▶ **PROBLEM STATEMENT**
Could you reproduce, word for word, everything below from the line containing "Gemstone Egg Shape" down to the line containing "English Elm Rustic", with both of those lines included and no others?

▶ **PROVIDED DATA**
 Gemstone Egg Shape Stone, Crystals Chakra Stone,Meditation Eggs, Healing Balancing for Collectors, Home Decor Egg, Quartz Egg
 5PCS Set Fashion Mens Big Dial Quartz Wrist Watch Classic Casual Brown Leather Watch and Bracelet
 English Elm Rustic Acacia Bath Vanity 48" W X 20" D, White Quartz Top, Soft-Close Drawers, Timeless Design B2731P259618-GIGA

---

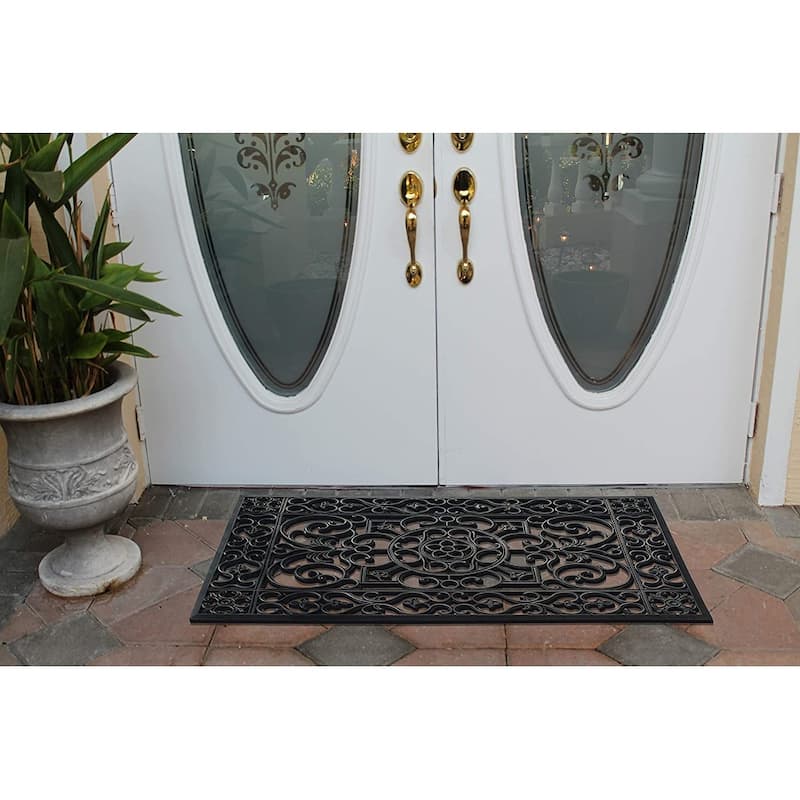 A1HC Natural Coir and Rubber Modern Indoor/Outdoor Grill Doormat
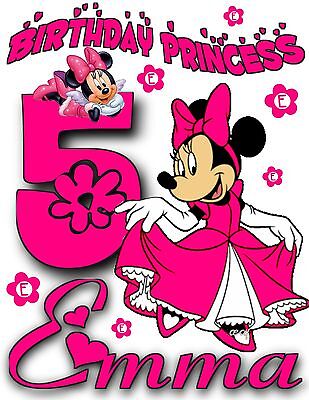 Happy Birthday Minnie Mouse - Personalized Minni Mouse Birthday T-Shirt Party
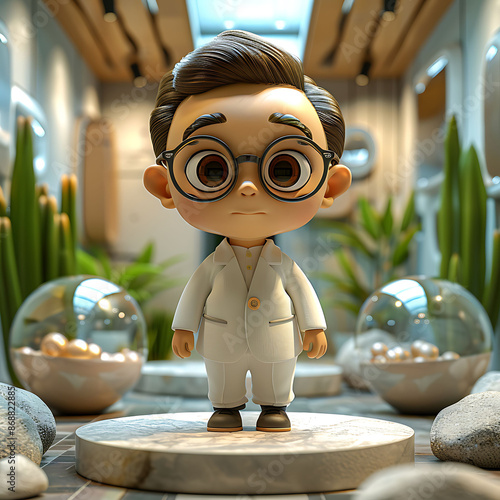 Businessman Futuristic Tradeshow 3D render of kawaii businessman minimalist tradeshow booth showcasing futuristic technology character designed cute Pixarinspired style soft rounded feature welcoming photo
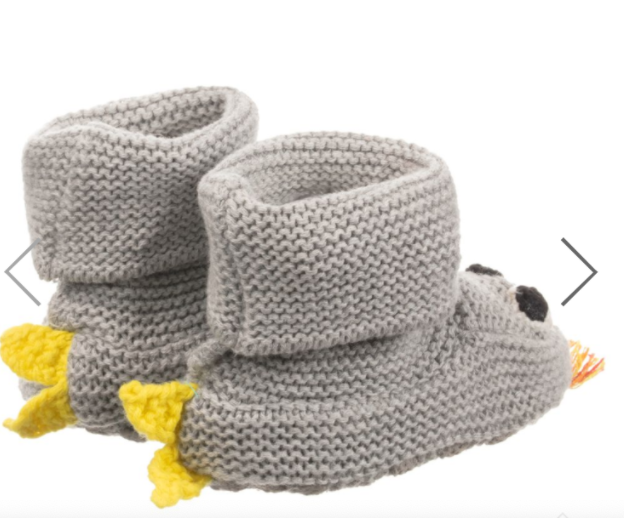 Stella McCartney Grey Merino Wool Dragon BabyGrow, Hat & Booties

* * *

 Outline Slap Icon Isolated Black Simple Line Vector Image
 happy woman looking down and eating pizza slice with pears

▶ **RESPONSE AREA**
 Gemstone Egg Shape Stone, Crystals Chakra Stone,Meditation Eggs, Healing Balancing for Collectors, Home Decor Egg, Quartz Egg
 5PCS Set Fashion Mens Big Dial Quartz Wrist Watch Classic Casual Brown Leather Watch and Bracelet
 English Elm Rustic Acacia Bath Vanity 48" W X 20" D, White Quartz Top, Soft-Close Drawers, Timeless Design B2731P259618-GIGA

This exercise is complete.